David Lynch first made a name for himself on the midnight movie circuit with 1977’s surrealist nightmare Eraserhead, which he wrote and directed while studying at the American Film Institute (AFI). The filmmaker then chose 1980’s The Elephant Man as the follow-up to his first feature-length film. This, however, wasn’t his original intention.
Shortly after the success of Eraserhead, Lynch wrote the screenplay for Ronnie Rocket, which he has described as “an absurd mystery of the strange forces of existence. It’s about electricity.” He’s also said it’s “about a three-foot tall guy with red hair and physical problems, and about 60-cycle alternating current electricity.”
Lynch planned to direct the film, but due to concerns about securing financial backing, he decided to shelve the project. After the release of 1984’s Dune, a disappointing adaptation of Frank Herbert’s science-fiction masterpiece, and 1986’s neo-noir classic Blue Velvet, Lynch tried to get the ball rolling again, but to no avail.
Possible cast members included Brad Dourif, Dennis Hopper, Jack Nance, Isabella Rossellini, Harry Dean Stanton, and Dean Stockwell, all of whom appeared in his previous films. The titular role would also have gone to Michael J. Anderson, who was later cast in 2001’s Mulholland Drive.
Ronnie Rocket’s reputation has since been compared to Sergei Eisenstein’s An American Tragedy and Michel Powell’s The Tempest, both famously un-produced films.
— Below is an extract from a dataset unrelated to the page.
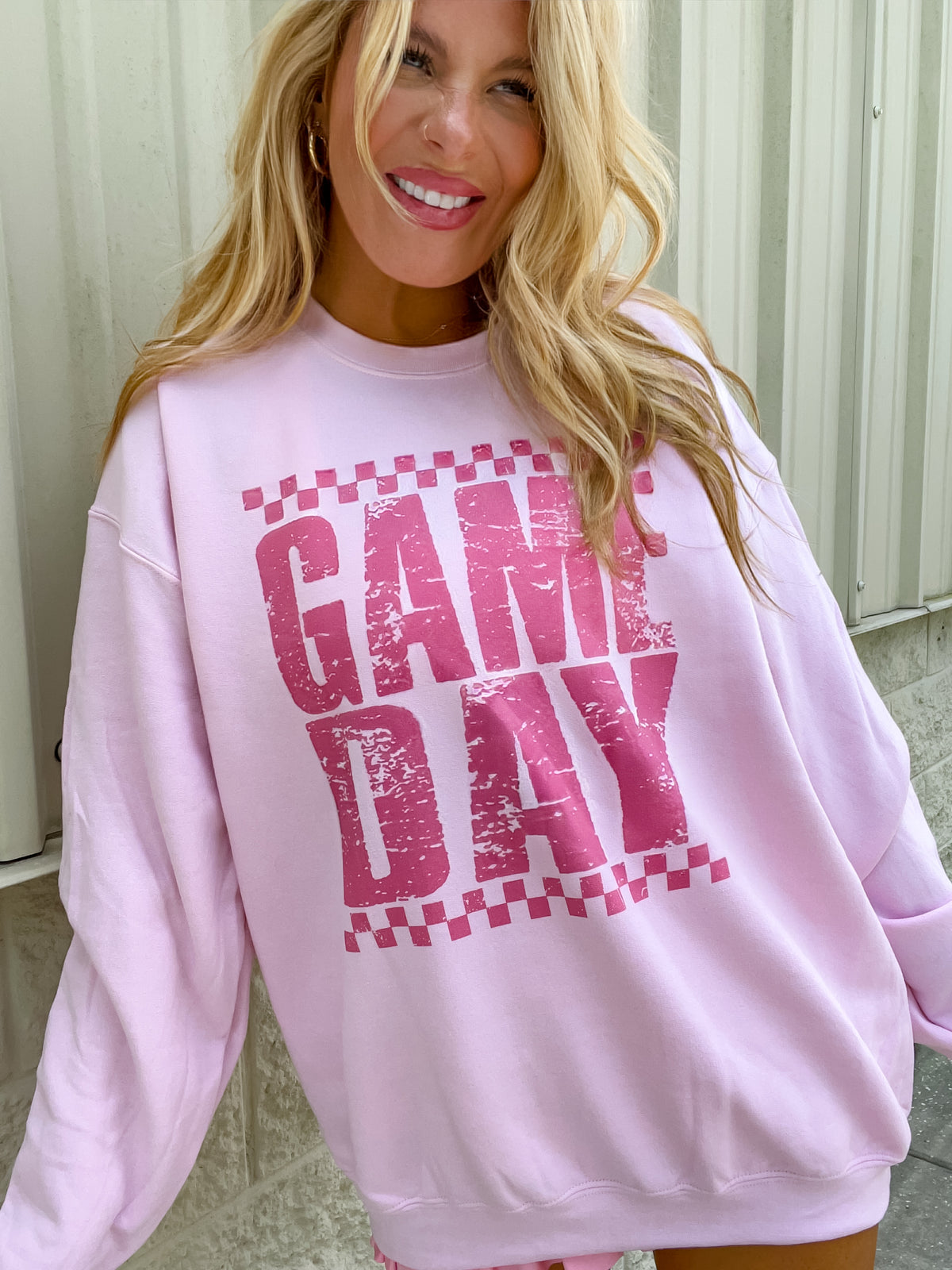 Checkered Game Day Graphic Pullover C.O.C.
Lynch fans have even made their own fan videos and posters for the long-fabled movie, which contains classic Lynchian motifs such as industrial art design, 1950s facades, and physical deformities.
Lynch’s groundbreaking television series Twin Peaks premiered on ABC in 1989. The show, however, was cancelled after the second season, and later followed by 1992’s Twin Peaks: Fire Walk With Me. While not critically acclaimed at the time of its release, the Criterion Collection has decided to reissue the prequel film this October.
Eleven years after his last feature film, 2006’s Island Empire, Lynch returned to Twin Peaks. The revival series, which features many of the original cast members, along with countless new ones, premiered on Showtime this May, and is scheduled to run until 3 September. Perhaps, Agent Dale Cooper will now find some kind of peace.
Being that it took Lynch 25 years to revisit a story that fans thought would go unfinished, maybe its time for him to revisit Ronnie Rocket. Filmmaker Jonathan Caoutte has expressed interest in directing the film, but believes Lynch will eventually make the movie. “It’s his baby,” the Walk Away Renee director said.
Nevertheless, Lynch has expressed concerns about the script needing more work. He explained that Ronnie Rocket is set in the world of the smokestack industry, and unfortunately for a lot of industrial workers, that world doesn’t exist anymore.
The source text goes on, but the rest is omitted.